Il en va de même pour le marketing numérique. Ainsi, de nets changements devraient se produire dans le marketing d’affiliation dans lequel les opérateurs de blogs ou d’autres affiliés font de la publicité pour les offres d’entreprises contre paiement sur leur site web. Selon Florian Knauer, grâce à la technologie blockchain, il n’y aura plus besoin de réseaux d’affiliés comme instances tierces: «La blockchain permet de mieux suivre les clics sur Internet et d’éviter des méthodes frauduleuses comme des taux de pénétration générés automatiquement.»
Les smart contracts font partie intégrante de nombreuses applications blockchain. Ces programmes exécutés de manière automatisée contiennent des conditions de contrats à appliquer sous forme de fonctions numériques «si-alors». Les transactions doivent remplir ces conditions afin d’être reprises dans un bloc. Cela permet de contrôler et d’authentifier l’exactitude des données sans avoir besoin d’une partie tierce digne de confiance, comme par exemple une banque.
Transparence dans les données
En outre, la technologie blockchain répond à la tendance d’utiliser de plus en plus de données clients pour le marketing. Les entreprises sont tributaires de la collecte et de l’analyse des données de leurs clients. À l’aide d’une blockchain, des consommateurs peuvent par exemple définir contractuellement dans quels buts et pour quels thèmes leurs données peuvent être utilisées sous forme numérique. Ils y gagnent le contrôle de leurs informations, et les entreprises, des leads de grande qualité.
Les publicitaires peuvent même récompenser les utilisateurs pour la validation de leurs données. Plusieurs négociants en ligne lancent par exemple ensemble un programme de fidélisation numérique sur la base d’une blockchain fermée. À chaque achat, les entreprises créditent leurs clients de points, comme une propre monnaie numérique, que les clients peuvent utiliser chez toutes les entreprises participantes. C’est intéressant pour les clients, mais pas uniquement. Les entreprises profitent également d’un tel programme de fidélisation de la clientèle, car les consommateurs achètent plus souvent et plus chez elles. De plus, cela offre des points d’accroche pour un marketing de dialogue intense, ce qui fait naître une relation précieuse sur le plan de la qualité entre les clients et les prestataires.

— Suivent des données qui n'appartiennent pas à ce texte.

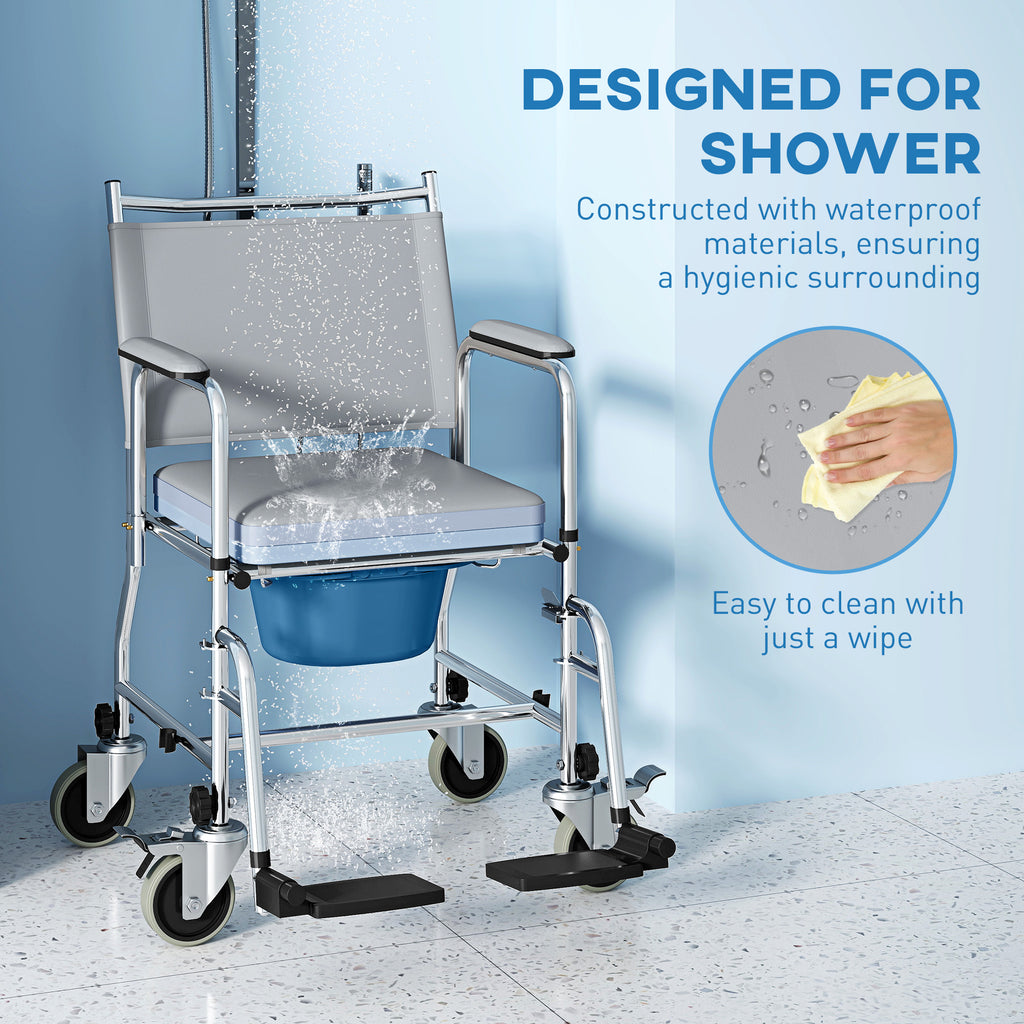Rolling Shower Chair Commode with Padded Seat and Backrest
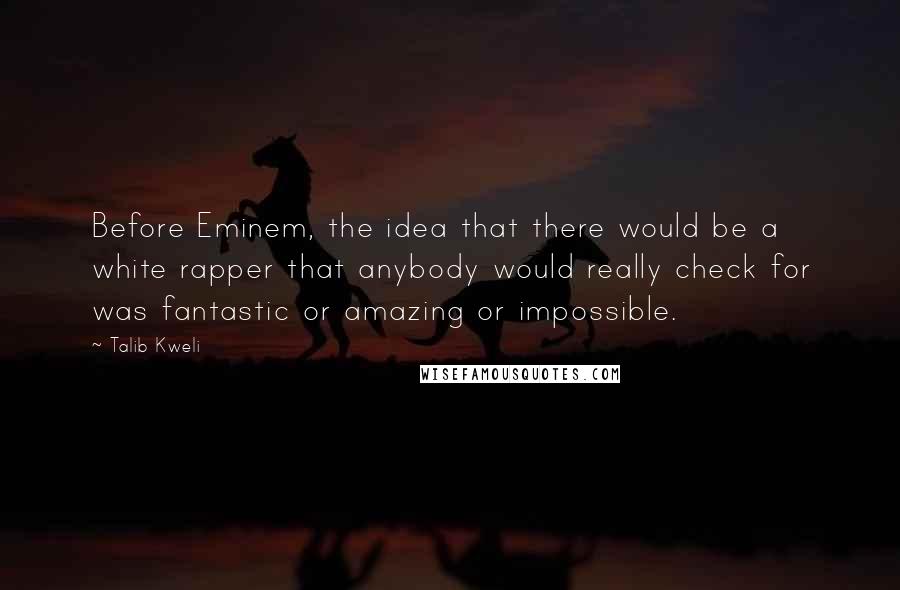 Talib Kweli Quotes: Before Eminem, the idea that there would be a white rapper that anybody would really check for was fantastic or amazing or impossible.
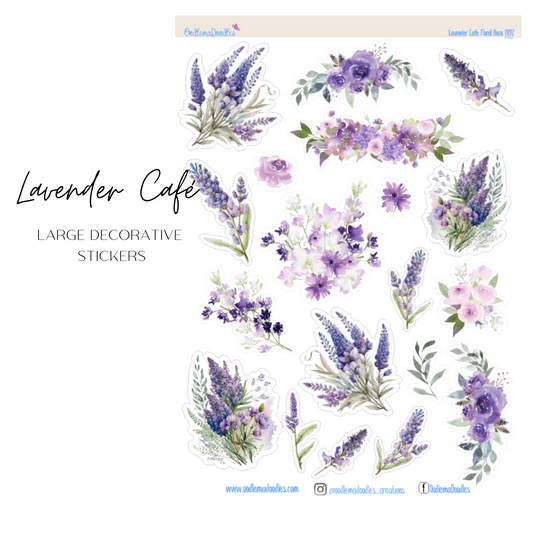 Lavender Cafe Flower Large Decorative Planner Stickers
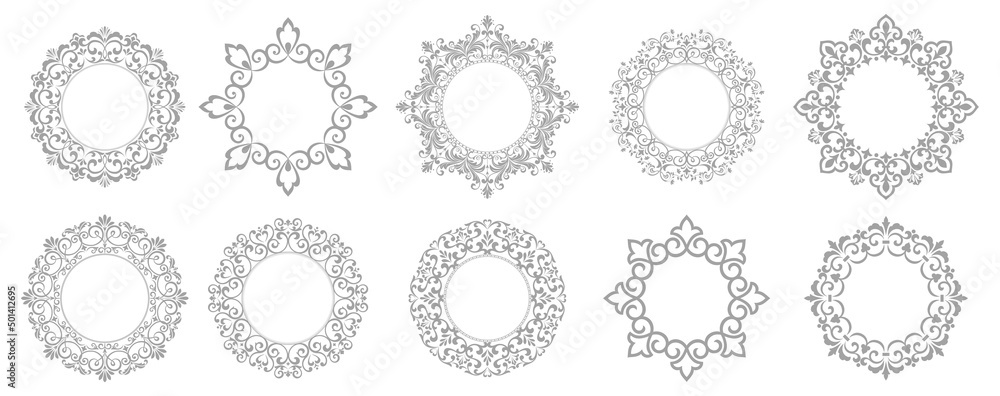 Set of decorative frames Elegant vector element for design in Eastern style, place for text. Floral gray and white borders. Lace illustration for invitations and greeting cards Set of decorative frames Elegant vector element for design in Eastern style, place for text. Floral gray and white borders. Lace illustration for invitations and greeting cards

Préparer dès maintenant le marketing
Même si l’utilité de la blockchain se dessine de plus en plus nettement pour le marketing: jusqu’ici, il n’y a quasiment pas d’applications blockchain concrètes. Néanmoins, Andreas Mann recommande aux professionnels du marketing de garder à l’œil ce thème: «La blockchain peut rapidement passer de technologie pionnière à technologie-clé. Les entreprises n’étant pas encore familiarisées avec ce thème risqueront de se laisser distancer.»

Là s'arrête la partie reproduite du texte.